Rogue Galaxy is arriving on Western shelves accompanied by a somewhat baffling level of silence, seeing as it’s the latest JRPG to surface from uber-developer Level 5; previously responsible for the best-selling ‘Dragon Quest VIII’ as well as the classic PlayStation 2 series ‘Dark Cloud’ (or ‘Dark Chronicle’ for the second iteration). Riding in on the wave of publicity surrounding Final Fantasy XII, and at the tail-end of the lifespan for one of the most RPG-friendly gaming systems in existence, you could be forgiven for thinking that Rogue Galaxy would be an absolute no-brainer purchase for dice-rolling fans; and that’s almost proven to be correct.
As with so many JRPG’s, Rogue Galaxy casts you as a particularly gifted and sullen teenager, this time under the name of ‘Jaster Rogue’. As an orphan living on a desolate sand-filled planet with only a vicar and a few other townspeople for company, Jaster spends his days dreaming of one day exploring the vast reaches of space. A chance encounter with a bounty hunter and a case of mistaken identity later, Jaster finds himself aboard the pirate starship ‘Dorgenark’, ready for adventuring across one of the five distinct planets that inhabit the Galaxy. This is a ship filled with a host of colourful crew members, each with their own story to tell and unique place in the main narrative; and you’ll need them all to succeed.
Pre-release coverage has almost universally centred on the lush visual style applied by Level 5 here, with solid grounds to do so for a change. The well-animated, colourful, Anime-inspired gameworld is as sumptuously created as anything yet seen on current or next-generation systems, with each planetoid uniquely crafted and individual in style. As an example, the mining planet ‘Vedan’ is an outstanding achievement, with neon-lit trees cutting a stark portrait against an industrial backdrop that brings to mind the gritty neo-futuristic landscape of Blade Runner. Indeed, from the plot to the minutia of the visual trappings, Rogue Galaxy sets itself up as a homage to the Science-Fiction genre as a whole; with visual aspects subtlety referencing a host of productions, and Star Wars serving as a primary influence on the narrative.
Visual flair aside, Rogue Galaxy plays out as a pretty straight-forward Action-RPG. You’ll embark on the majority of your quest with a party of three characters, usually comprising of Jaster and two other members of the crew determined by plot circumstances. Combat is extremely quick, with no loading times to speak of; and each encounter also contains a thin layer of strategy in the form of party commands and chainable attack sequences. Whilst it isn’t the most dynamic of tactical elements ever created, Rogue Galaxy works best when played in the manner of something like a Knights of the old Republic; with brief pauses to set up an attack plan, followed by a flurry of activity to the end of each bout.
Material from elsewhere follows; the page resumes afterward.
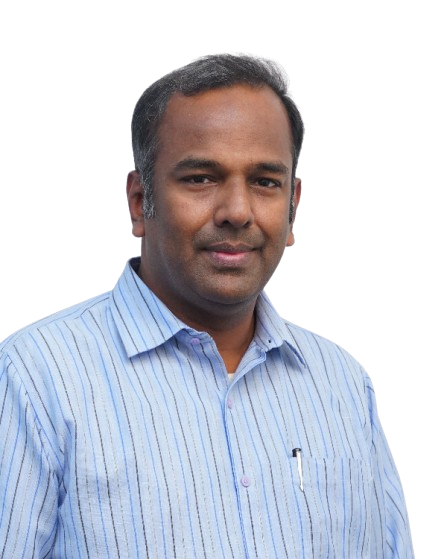 P V Kiran Ananthi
Unfortunately this system also shows up the lacklustre character AI system, with your compatriots often rendered completely useless in battle. More often than not, you’ll find them doing completely nothing on some of the more guarded settings, or alternatively deciding to hack at everything in sight, resulting in a swift death and yet another resurrection potion. There are no healing spells to be found here, but the design compensates by providing a fairly frequent supply of consumable items; just make sure to use them regularly (there are no gambits to be found here).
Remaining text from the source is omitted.